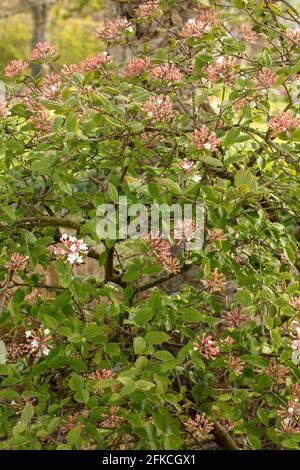 Vibrant trusses of Viburnum × juddii, Judd viburnum, buds and early flowers on a medium sized shrub in bright spring sunshine Stock Photo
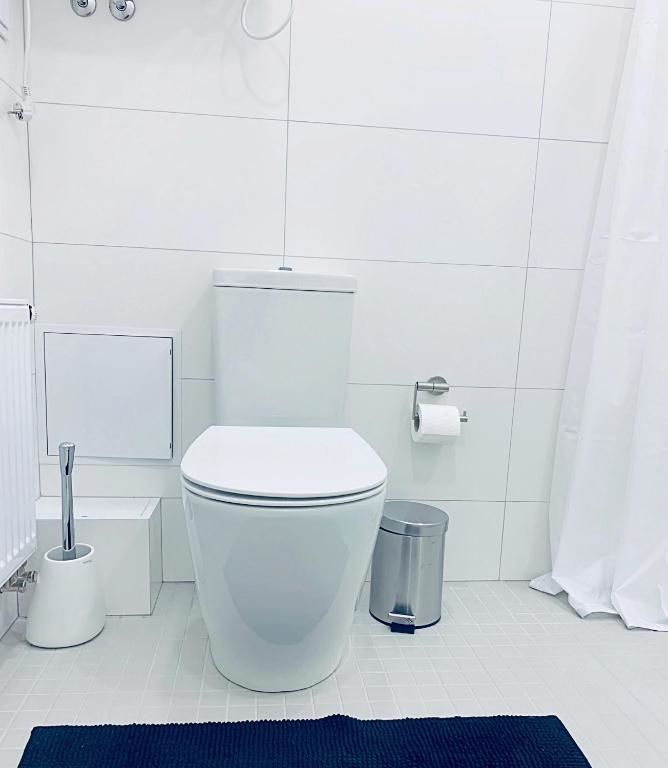 Апартаменты Elegant Town Hall Apartment Каунас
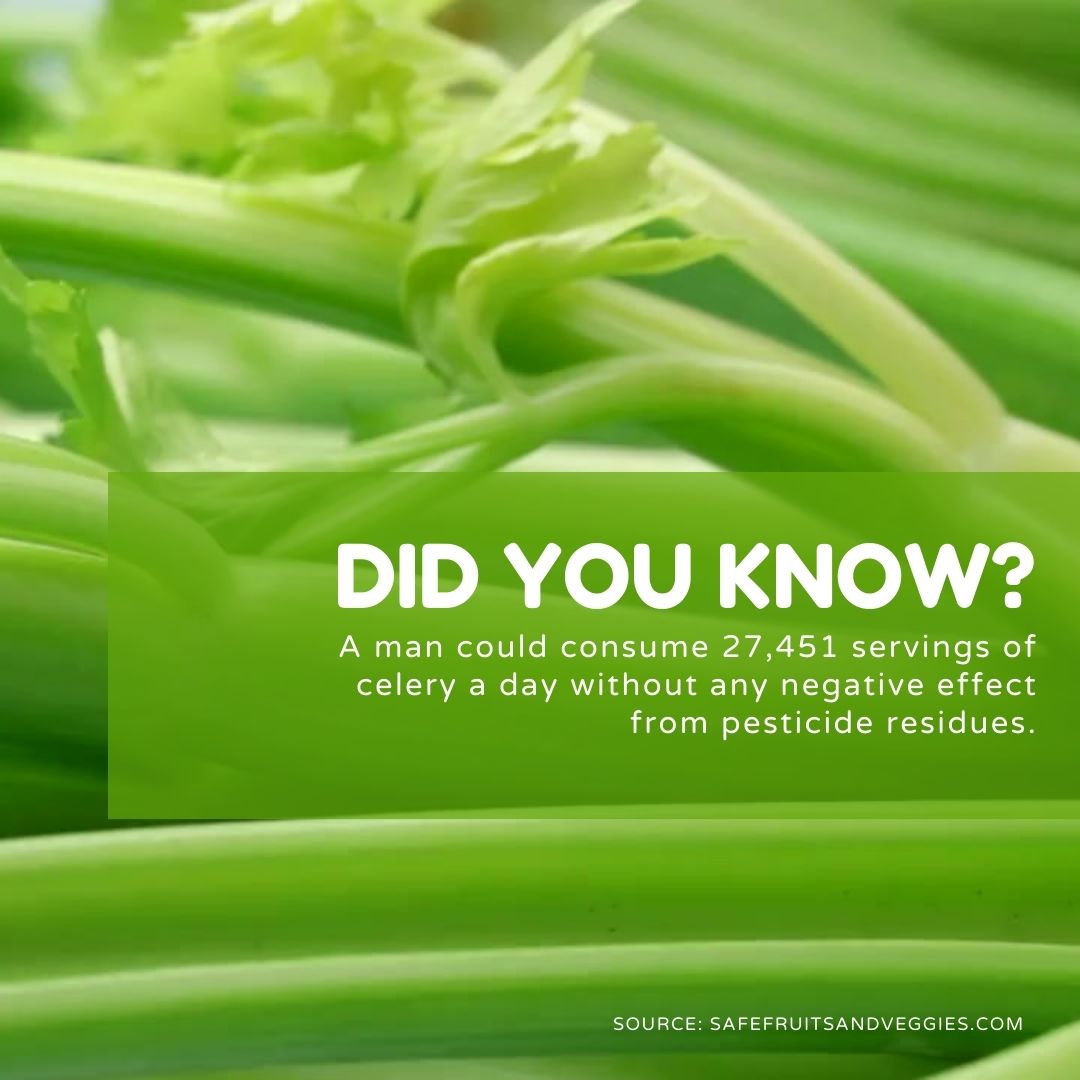 Does the #DirtyDozen list make you pause in the produce section? A man could eat 27, 451 servings of celery a day without any safety concerns from pesticide residues. That’s a lot of celery! This pesticide residue calculator puts residues into perspective: ow.ly/LcFN50QXAlG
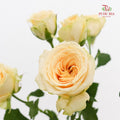 Rose Spray Zephyr - (8-10 Stems)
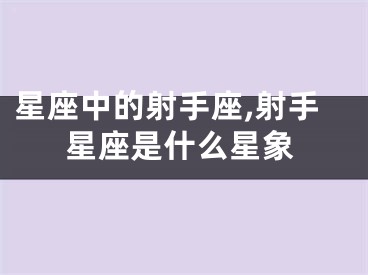 星座中的射手座,射手星座是什么星象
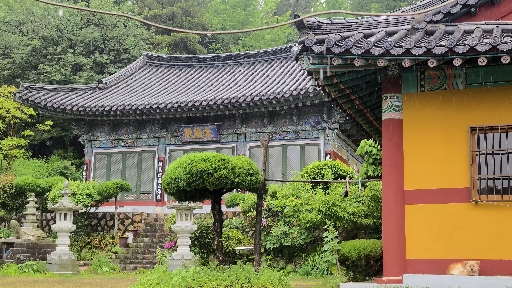 법천사 봄비
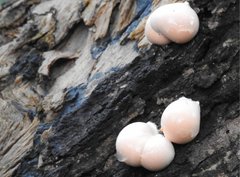 Lycogala flavofuscum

====================

__EXERCISE PROMPT__
Write out the records once more, word for word, though without the pictures they contain.

__RESULT BELOW__
 Vibrant trusses of Viburnum × juddii, Judd viburnum, buds and early flowers on a medium sized shrub in bright spring sunshine Stock Photo
 Апартаменты Elegant Town Hall Apartment Каунас
 Does the #DirtyDozen list make you pause in the produce section? A man could eat 27, 451 servings of celery a day without any safety concerns from pesticide residues. That’s a lot of celery! This pesticide residue calculator puts residues into perspective: ow.ly/LcFN50QXAlG
 Rose Spray Zephyr - (8-10 Stems)
 星座中的射手座,射手星座是什么星象
 법천사 봄비
 Lycogala flavofuscum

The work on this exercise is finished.